- **Source data**
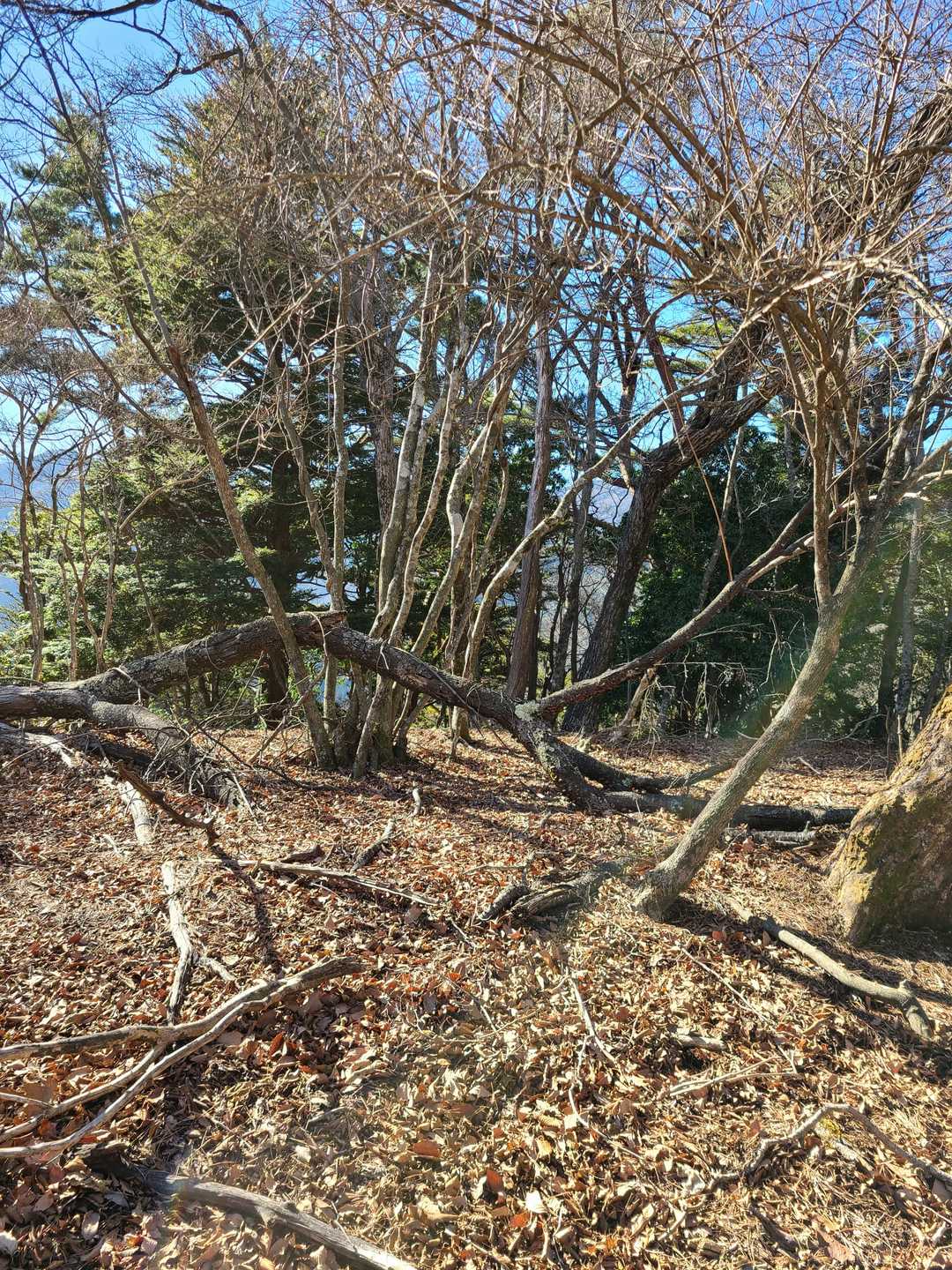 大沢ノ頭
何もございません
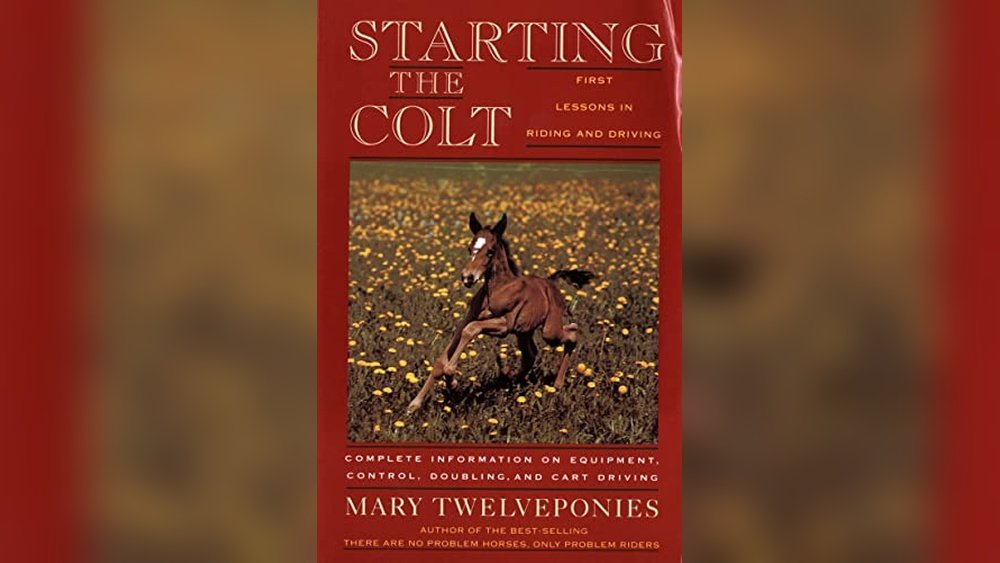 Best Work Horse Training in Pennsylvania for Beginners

==

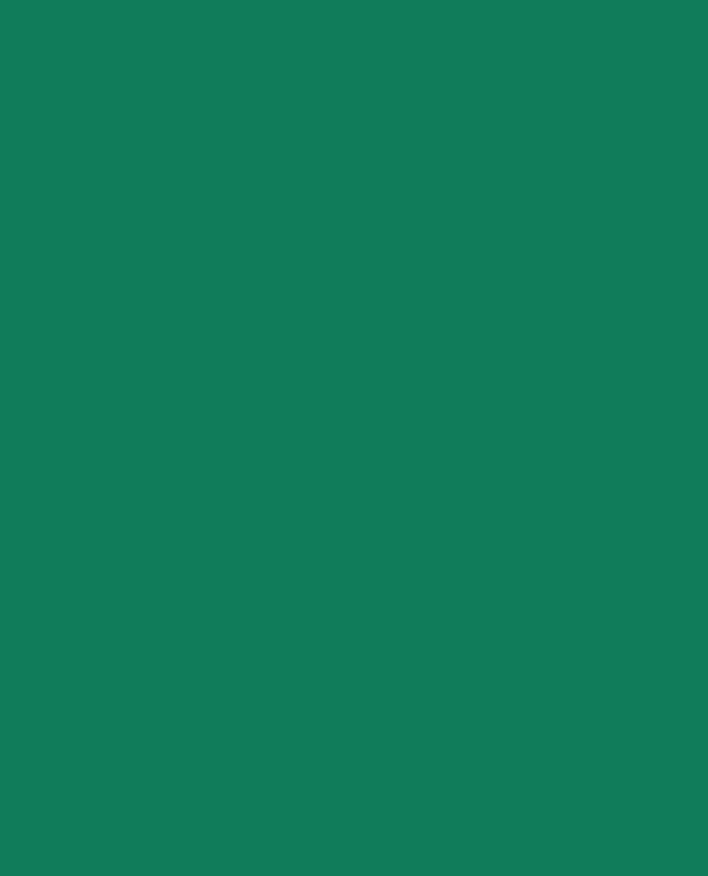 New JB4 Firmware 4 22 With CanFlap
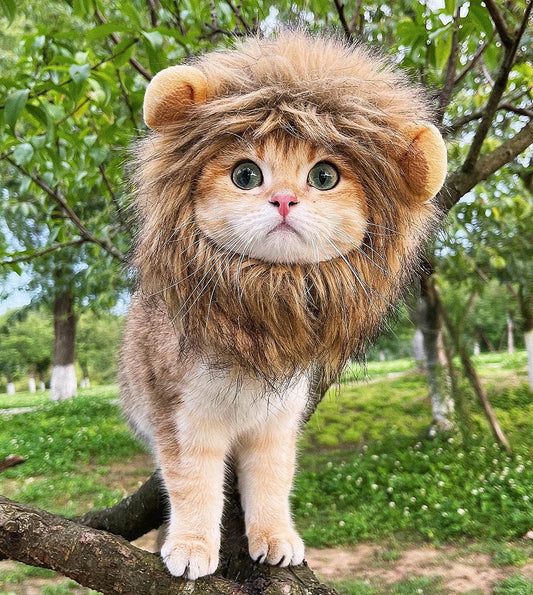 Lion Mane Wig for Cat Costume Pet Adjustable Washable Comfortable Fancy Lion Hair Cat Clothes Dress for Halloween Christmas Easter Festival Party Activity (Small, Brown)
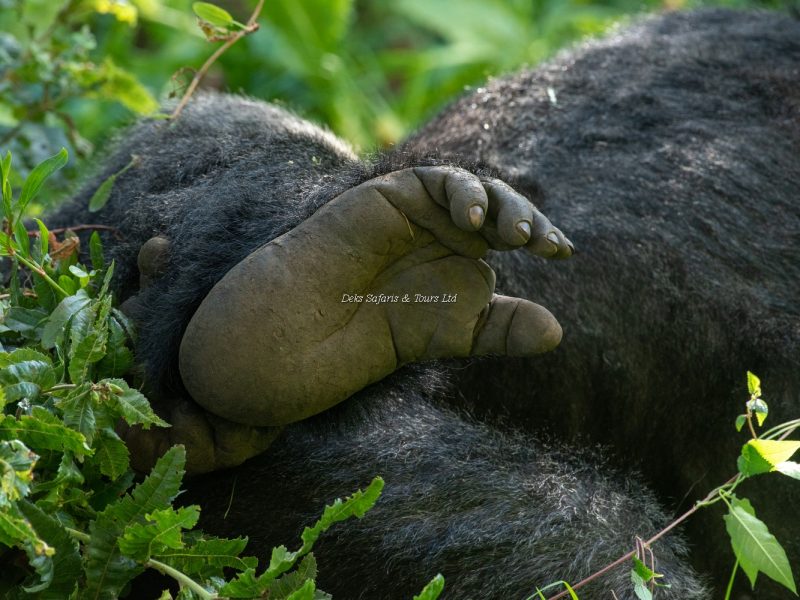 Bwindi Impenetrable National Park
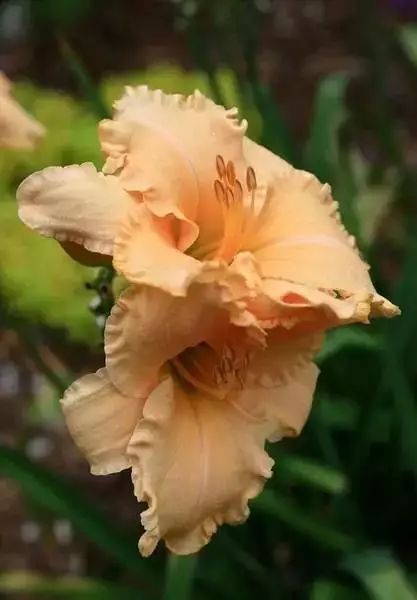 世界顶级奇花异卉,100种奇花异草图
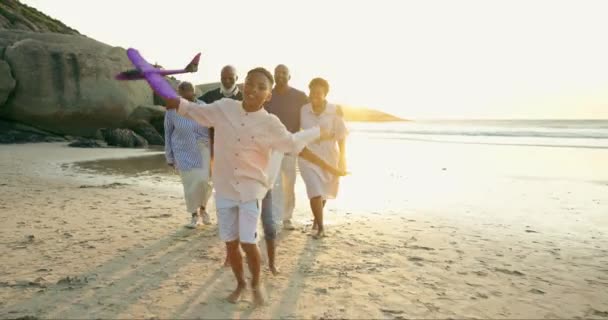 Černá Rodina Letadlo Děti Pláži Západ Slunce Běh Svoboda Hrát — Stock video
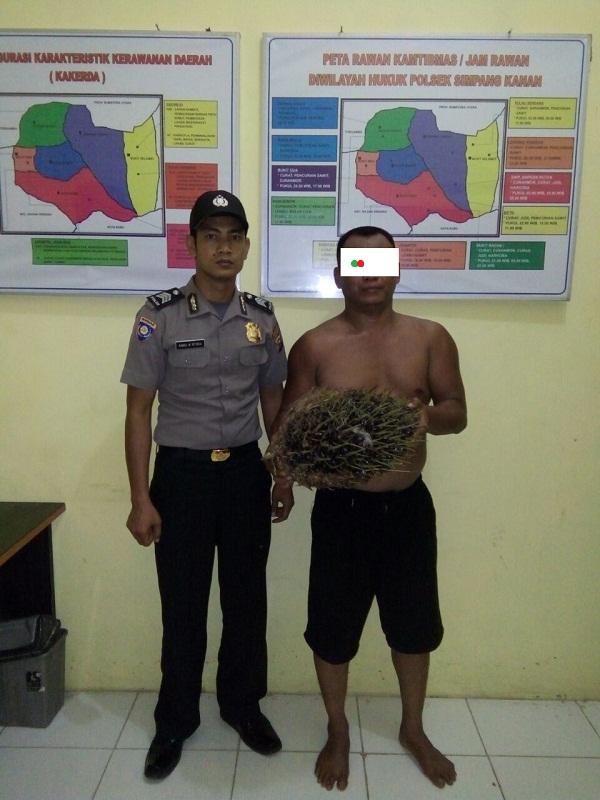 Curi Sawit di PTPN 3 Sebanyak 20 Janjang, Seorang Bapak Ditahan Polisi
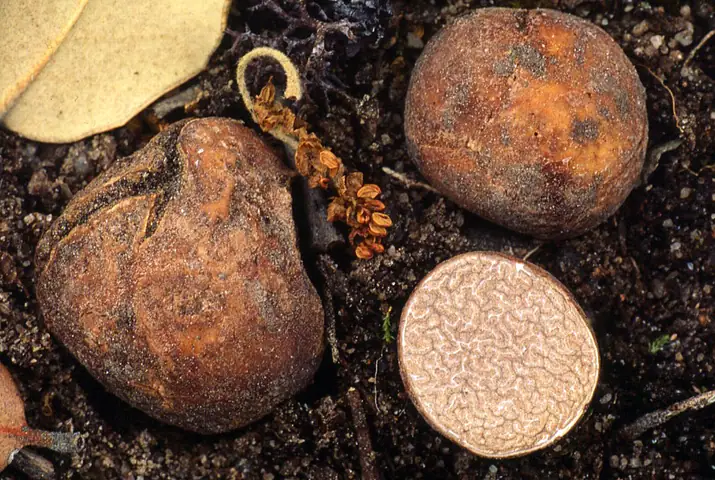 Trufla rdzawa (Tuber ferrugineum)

- **Task goal**
Given the listing above, repeat exactly the lines starting at the one with "New JB4 Firmware 4 22 With CanFlap" and ending at the one with "Trufla rdzawa (Tuber ferrugineum)", inclusive, excluding pictures.

- **Solution**
 New JB4 Firmware 4 22 With CanFlap
 Lion Mane Wig for Cat Costume Pet Adjustable Washable Comfortable Fancy Lion Hair Cat Clothes Dress for Halloween Christmas Easter Festival Party Activity (Small, Brown)
 Bwindi Impenetrable National Park
 世界顶级奇花异卉,100种奇花异草图
 Černá Rodina Letadlo Děti Pláži Západ Slunce Běh Svoboda Hrát — Stock video
 Curi Sawit di PTPN 3 Sebanyak 20 Janjang, Seorang Bapak Ditahan Polisi
 Trufla rdzawa (Tuber ferrugineum)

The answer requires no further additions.